Every data org eventually has the same conversation: "We need one pipeline to rule them all."

It never works. The single, perfect, all-encompassing data pipeline is a myth. Teams burn quarters trying to build one, and the result is always the same — a brittle monolith that bottlenecks every team it touches.

Perfect Pipelines

Why do we build data infrastructure? To make data accessible and actionable across the organization. That's it.

Marketing needs real-time customer interaction data. Finance needs batch-processed transactions. ML needs feature stores with sub-second lookups. These are fundamentally different access patterns. Forcing them through the same pipeline is not engineering — it's wishful thinking.

The real benefit of modern data engineering isn't technical. It's organizational. Teams can process data in ways that fit their needs. They can ship changes without filing tickets with a central data team. They can add new sources without a cross-org coordination meeting.

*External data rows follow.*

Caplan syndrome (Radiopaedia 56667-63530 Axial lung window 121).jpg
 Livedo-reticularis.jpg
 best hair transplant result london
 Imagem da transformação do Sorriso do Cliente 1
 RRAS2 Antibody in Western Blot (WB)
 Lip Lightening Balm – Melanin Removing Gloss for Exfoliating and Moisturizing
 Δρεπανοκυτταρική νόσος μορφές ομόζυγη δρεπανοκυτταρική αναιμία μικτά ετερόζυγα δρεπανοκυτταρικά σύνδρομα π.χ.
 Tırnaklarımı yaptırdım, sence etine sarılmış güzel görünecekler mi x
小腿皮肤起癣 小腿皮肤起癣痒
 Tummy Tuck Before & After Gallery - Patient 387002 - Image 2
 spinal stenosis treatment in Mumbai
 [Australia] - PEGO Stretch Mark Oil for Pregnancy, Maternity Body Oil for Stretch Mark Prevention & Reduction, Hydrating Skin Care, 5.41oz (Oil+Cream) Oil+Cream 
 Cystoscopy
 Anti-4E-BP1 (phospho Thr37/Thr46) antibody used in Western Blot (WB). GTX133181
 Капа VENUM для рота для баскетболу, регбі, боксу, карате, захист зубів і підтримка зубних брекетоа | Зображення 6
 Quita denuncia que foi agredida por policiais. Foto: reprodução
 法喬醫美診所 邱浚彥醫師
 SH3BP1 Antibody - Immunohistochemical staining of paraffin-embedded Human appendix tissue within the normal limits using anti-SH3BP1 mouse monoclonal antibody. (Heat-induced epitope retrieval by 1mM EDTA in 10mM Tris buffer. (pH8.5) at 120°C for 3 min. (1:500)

A single pipeline destroys all of that.

Unwanted Inflexibility

Monolithic pipelines kill velocity in three ways:

They create cross-team coupling. Need a schema change? Get in line. The central data team is busy with three other requests. Your sprint is blocked. Meanwhile, you're getting paged at 2 AM because some other team's data flow is choking the shared pipeline.

They're a single point of failure. One bad deployment, one malformed record, one upstream schema change — and every team's data goes dark. The blast radius is the entire organization.

They strangle experimentation. You know this is happening when your team spends more time in meetings debating shared data model design than actually building. When every team's requirements contradict each other, and every change is a negotiation. That's not engineering. That's bureaucracy.

Domains and Streams

The alternative is simple: stop thinking in pipelines. Think in domains and streams.

Every data domain has a canonical flow — the processes that make sense for that domain. Payments data has different shape, velocity, and consumers than clickstream data. Treat them differently.

This is the same insight that drove microservices in application architecture. Each service owns its domain, its data store, its processing logic. Data infrastructure should work the same way.

Events

"But how do other teams get the data they need?"

Each domain publishes its processed data as events — typically through something like Kafka, but the platform doesn't matter. What matters is the contract: a domain owns its data, publishes well-defined events, and consumers subscribe to what they need.

This is the key shift. Teams don't share a pipeline. They share a protocol. Each consumer processes events at their own pace, in their own way, without stepping on anyone else. No coordination. No shared failure modes. No 2 AM pages because marketing's data broke finance's pipeline.

Data Quality and Governance

Here's the real reason people want a single pipeline: they want data quality and governance. That's a legitimate goal. But the approach is wrong.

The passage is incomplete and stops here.